Paul Geissler
We originally didn’t have that big extension to the building. We just had the front part of the [Kuiper] Building. We were really cramped. It was way too small of a space. They had great parking in the back, though. But it was small compensation, because the offices were tiny and nobody had an office to themselves.
Behind the Business Office is now a little lecture hall. That space was occupied by maybe 20 graduate students. It was called the ghetto. That one space had these little tiny cubicles put into it, and the individual space would be about as big as a table. Typically there were two of us to a cubicle, and the doors were decorated with all kinds of outrageous stuff; clippings and preprints and cartoons. All kinds of stuff—just what people were working on or were interested in, pictures of their motorcycle or their kids or whatever.
So that was the ghetto. That forged some solidarity among the graduate students, because you’re literally on top of each other. I moved from there to a little tiny closet that Mike Nolan and I shared. It was no bigger than one of these little tiny cubicles, and we literally couldn’t swing a cat, but what was funny about it was we couldn’t both put our chairs back at the same time.
Mark Sykes
The graduate students back then lived in a ghetto behind the main office. There was an absorption tube that ran the length of the building at the time that Uwe Fink would do experiments with, measuring absorption lines of gases. They’d put gases in there and bounce light back and forth over a huge path length, and then see how much of it was absorbed in different wavelengths.
This tube ran right through the graduate student ghetto, so those of us who had an office on the outside wall of the building would have the tube going through it, like a shelf in our office. I put up curtains and a bed, and it was pretty cool.

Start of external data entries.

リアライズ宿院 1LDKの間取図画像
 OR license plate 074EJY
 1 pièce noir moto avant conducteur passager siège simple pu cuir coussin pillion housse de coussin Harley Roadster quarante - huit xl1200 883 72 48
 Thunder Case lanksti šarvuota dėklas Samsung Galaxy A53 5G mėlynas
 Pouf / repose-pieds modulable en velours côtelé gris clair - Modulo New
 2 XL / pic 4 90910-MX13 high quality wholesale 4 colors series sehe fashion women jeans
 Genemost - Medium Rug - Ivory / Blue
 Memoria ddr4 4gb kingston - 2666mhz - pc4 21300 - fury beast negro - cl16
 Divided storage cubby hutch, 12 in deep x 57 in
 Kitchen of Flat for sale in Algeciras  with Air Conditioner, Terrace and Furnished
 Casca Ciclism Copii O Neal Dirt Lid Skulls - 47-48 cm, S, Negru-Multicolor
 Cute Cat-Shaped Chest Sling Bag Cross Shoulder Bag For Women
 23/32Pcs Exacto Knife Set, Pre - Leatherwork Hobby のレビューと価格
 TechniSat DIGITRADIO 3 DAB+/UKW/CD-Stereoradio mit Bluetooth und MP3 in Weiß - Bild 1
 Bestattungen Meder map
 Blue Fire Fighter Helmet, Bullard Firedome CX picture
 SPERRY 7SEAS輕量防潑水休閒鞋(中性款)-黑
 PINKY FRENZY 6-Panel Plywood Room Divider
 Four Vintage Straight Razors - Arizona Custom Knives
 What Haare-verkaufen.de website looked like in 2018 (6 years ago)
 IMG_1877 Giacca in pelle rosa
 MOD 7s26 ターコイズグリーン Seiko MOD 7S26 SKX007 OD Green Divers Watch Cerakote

We were a pretty close-knit bunch back then. When I came in they were also something of an older group. As a consequence we didn’t respect authority a whole lot. We gave the poor faculty a bit of a hard time through our tenure.
That was also the era of magic keys, where all the graduate students would file keys down so you could open all the doors in the building. It was kind of a rite of passage. Everybody would always deny it.
Nicholas Schneider
One of the fun projects that I was involved in, and contributed to the delay of my graduation, was we build a prototype Mars rover called the Mars Ball. There was an idea that a French scientist had had about how to make a rover that had squishy wheels. Each sector of a wheel could be inflated and deflated, and if you had a flat part of the wheel on the bottom you could sort of fall forwards by deflating one sector and then raise up in back by moving the air there. It sounded like a really cool approach to roving on Mars, where something could be big and dumb; just roll over these obstacles.
We built the prototype of this. At one point we thought it was going to be 16 feet tall. That slid over sideways, so we made it six or eight feet tall. It was a very challenging project: We were there with sewing machines, sewing bags, and buying blowers. We got a NASA grant for it. In the end we were able to show that this device would work. We took it to a Mars conference in Washington D.C. where it rolled around and climbed over obstacles.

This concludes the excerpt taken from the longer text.